● EXERCISE DIRECTIONS: Reproduce exactly the lines below from the one containing "Ofimática para comercios" through the one containing "Image 2 : BITFENIX", including both, and nothing else.

● DATA RECORDS:
BEGIN
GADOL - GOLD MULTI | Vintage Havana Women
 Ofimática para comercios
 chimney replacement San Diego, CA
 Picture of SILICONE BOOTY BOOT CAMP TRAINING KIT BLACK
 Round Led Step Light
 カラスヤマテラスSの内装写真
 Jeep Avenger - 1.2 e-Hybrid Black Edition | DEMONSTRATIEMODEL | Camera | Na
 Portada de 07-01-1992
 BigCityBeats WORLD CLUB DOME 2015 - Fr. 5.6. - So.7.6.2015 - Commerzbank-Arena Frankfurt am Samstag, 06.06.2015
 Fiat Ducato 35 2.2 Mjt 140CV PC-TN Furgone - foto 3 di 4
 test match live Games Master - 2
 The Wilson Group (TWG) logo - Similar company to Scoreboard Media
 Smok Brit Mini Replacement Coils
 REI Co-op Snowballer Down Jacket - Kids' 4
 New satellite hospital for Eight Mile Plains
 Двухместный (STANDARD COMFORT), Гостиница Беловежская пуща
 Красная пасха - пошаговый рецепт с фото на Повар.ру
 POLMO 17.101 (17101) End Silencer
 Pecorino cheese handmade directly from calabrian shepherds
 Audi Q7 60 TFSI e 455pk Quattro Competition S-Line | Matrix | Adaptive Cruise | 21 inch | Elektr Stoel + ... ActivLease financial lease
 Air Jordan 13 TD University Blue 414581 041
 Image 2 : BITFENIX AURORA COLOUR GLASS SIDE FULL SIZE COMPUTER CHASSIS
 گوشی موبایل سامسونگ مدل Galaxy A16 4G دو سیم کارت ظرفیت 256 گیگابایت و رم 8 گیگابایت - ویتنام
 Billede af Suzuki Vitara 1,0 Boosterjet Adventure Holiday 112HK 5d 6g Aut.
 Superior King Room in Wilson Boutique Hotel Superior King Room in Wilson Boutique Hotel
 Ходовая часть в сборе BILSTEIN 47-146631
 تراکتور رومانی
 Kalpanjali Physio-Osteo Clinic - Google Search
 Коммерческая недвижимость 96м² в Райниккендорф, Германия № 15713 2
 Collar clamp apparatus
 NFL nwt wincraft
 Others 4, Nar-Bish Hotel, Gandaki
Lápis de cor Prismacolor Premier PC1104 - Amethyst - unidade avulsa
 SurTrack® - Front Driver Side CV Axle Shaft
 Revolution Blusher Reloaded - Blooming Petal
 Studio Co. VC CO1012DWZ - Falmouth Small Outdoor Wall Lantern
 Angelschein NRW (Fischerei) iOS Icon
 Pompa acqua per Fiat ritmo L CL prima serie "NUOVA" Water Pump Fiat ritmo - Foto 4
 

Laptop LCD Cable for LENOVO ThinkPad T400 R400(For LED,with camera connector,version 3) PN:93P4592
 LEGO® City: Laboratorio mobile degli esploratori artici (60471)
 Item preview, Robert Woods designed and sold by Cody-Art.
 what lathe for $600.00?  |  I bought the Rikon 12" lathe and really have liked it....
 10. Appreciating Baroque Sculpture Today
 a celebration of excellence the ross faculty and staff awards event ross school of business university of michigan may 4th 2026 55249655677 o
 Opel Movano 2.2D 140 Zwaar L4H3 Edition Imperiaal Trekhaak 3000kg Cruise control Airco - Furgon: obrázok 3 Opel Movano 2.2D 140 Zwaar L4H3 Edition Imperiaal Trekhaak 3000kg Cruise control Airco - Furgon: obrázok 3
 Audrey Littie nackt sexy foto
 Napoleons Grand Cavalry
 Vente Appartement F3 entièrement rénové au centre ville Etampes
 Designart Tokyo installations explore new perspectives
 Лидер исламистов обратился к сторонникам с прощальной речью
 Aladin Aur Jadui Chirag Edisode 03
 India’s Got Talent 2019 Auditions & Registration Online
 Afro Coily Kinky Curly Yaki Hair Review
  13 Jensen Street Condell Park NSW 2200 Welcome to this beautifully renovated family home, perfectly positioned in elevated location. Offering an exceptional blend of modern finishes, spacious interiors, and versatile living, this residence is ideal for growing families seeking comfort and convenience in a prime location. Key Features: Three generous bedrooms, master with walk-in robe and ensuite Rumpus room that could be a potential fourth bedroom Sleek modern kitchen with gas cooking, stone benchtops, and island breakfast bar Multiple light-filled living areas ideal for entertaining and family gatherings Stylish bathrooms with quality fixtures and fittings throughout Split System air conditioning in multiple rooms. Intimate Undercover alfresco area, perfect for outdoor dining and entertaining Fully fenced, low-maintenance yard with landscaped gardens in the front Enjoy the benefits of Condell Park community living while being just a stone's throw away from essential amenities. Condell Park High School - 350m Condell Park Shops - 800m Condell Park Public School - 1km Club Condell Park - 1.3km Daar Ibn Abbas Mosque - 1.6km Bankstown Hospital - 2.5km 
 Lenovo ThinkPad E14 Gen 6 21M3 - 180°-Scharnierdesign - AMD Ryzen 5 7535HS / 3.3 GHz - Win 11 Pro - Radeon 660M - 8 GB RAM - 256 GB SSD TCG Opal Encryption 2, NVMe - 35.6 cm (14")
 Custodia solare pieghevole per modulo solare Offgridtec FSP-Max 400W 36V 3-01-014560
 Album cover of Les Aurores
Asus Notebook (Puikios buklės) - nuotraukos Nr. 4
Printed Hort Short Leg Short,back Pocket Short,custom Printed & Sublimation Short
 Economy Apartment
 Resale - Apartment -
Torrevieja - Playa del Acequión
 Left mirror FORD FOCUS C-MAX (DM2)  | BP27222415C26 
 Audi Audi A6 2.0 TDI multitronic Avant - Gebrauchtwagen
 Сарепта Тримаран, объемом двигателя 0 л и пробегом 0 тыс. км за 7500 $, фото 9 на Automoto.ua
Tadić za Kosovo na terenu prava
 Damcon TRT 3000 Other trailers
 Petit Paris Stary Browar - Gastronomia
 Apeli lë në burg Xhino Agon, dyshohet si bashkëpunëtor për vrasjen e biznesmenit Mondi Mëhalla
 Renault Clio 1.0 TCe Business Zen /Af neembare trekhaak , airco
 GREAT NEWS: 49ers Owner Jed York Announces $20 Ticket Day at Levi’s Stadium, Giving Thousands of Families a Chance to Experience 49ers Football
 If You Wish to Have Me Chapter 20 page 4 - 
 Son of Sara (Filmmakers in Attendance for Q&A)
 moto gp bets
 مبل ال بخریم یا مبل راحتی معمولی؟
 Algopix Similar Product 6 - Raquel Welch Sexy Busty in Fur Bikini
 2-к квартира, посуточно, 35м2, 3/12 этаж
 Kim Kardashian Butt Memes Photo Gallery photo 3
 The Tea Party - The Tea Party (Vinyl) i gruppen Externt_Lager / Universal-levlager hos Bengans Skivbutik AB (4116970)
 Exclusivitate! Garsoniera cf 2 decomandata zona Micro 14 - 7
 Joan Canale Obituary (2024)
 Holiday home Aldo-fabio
END
● SOLUTION TO THIS TASK:
 Ofimática para comercios
 chimney replacement San Diego, CA
 Picture of SILICONE BOOTY BOOT CAMP TRAINING KIT BLACK
 Round Led Step Light
 カラスヤマテラスSの内装写真
 Jeep Avenger - 1.2 e-Hybrid Black Edition | DEMONSTRATIEMODEL | Camera | Na
 Portada de 07-01-1992
 BigCityBeats WORLD CLUB DOME 2015 - Fr. 5.6. - So.7.6.2015 - Commerzbank-Arena Frankfurt am Samstag, 06.06.2015
 Fiat Ducato 35 2.2 Mjt 140CV PC-TN Furgone - foto 3 di 4
 test match live Games Master - 2
 The Wilson Group (TWG) logo - Similar company to Scoreboard Media
 Smok Brit Mini Replacement Coils
 REI Co-op Snowballer Down Jacket - Kids' 4
 New satellite hospital for Eight Mile Plains
 Двухместный (STANDARD COMFORT), Гостиница Беловежская пуща
 Красная пасха - пошаговый рецепт с фото на Повар.ру
 POLMO 17.101 (17101) End Silencer
 Pecorino cheese handmade directly from calabrian shepherds
 Audi Q7 60 TFSI e 455pk Quattro Competition S-Line | Matrix | Adaptive Cruise | 21 inch | Elektr Stoel + ... ActivLease financial lease
 Air Jordan 13 TD University Blue 414581 041
 Image 2 : BITFENIX AURORA COLOUR GLASS SIDE FULL SIZE COMPUTER CHASSIS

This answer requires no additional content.